Your objective: After locating the line with "Mediterraneo Hotel Tulum" in the entries below, output it and each following line up to and including the line with "Sunil Singh", exactly and without pictures.

Records for processing:
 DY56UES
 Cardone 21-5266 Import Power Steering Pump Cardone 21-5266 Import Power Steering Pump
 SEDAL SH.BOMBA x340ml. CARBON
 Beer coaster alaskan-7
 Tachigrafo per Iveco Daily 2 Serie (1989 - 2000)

* * *

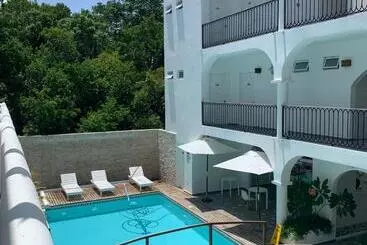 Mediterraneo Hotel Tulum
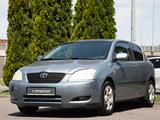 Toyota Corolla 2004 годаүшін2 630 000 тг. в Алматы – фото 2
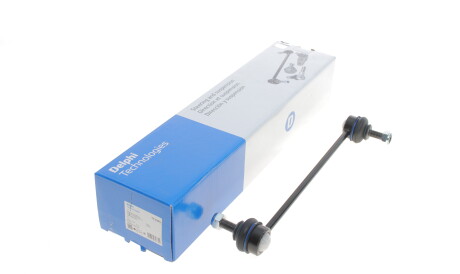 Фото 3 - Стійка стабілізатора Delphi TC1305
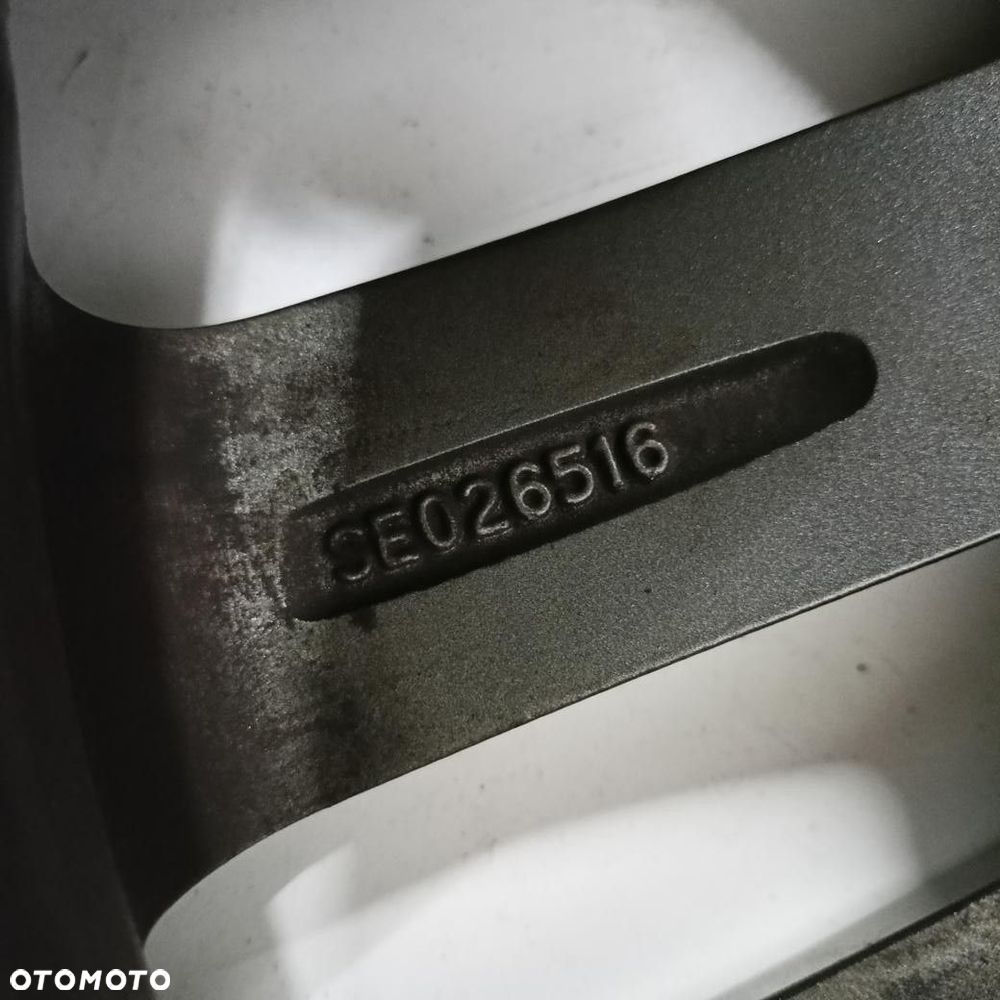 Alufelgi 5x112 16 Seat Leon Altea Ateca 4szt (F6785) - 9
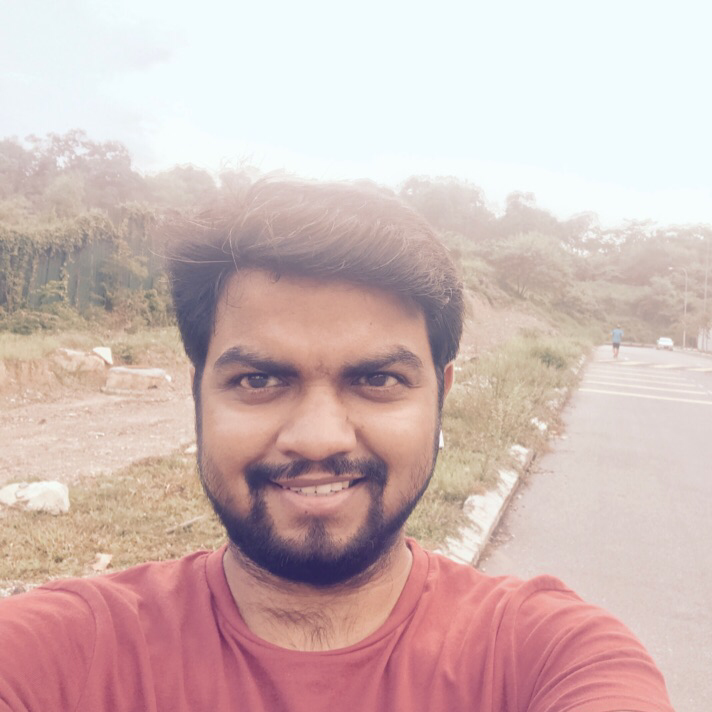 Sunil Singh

* * *

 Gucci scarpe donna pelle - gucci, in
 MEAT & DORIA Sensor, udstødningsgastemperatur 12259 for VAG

Output:
 Mediterraneo Hotel Tulum
 Toyota Corolla 2004 годаүшін2 630 000 тг. в Алматы – фото 2
 Фото 3 - Стійка стабілізатора Delphi TC1305
 Alufelgi 5x112 16 Seat Leon Altea Ateca 4szt (F6785) - 9
 Sunil Singh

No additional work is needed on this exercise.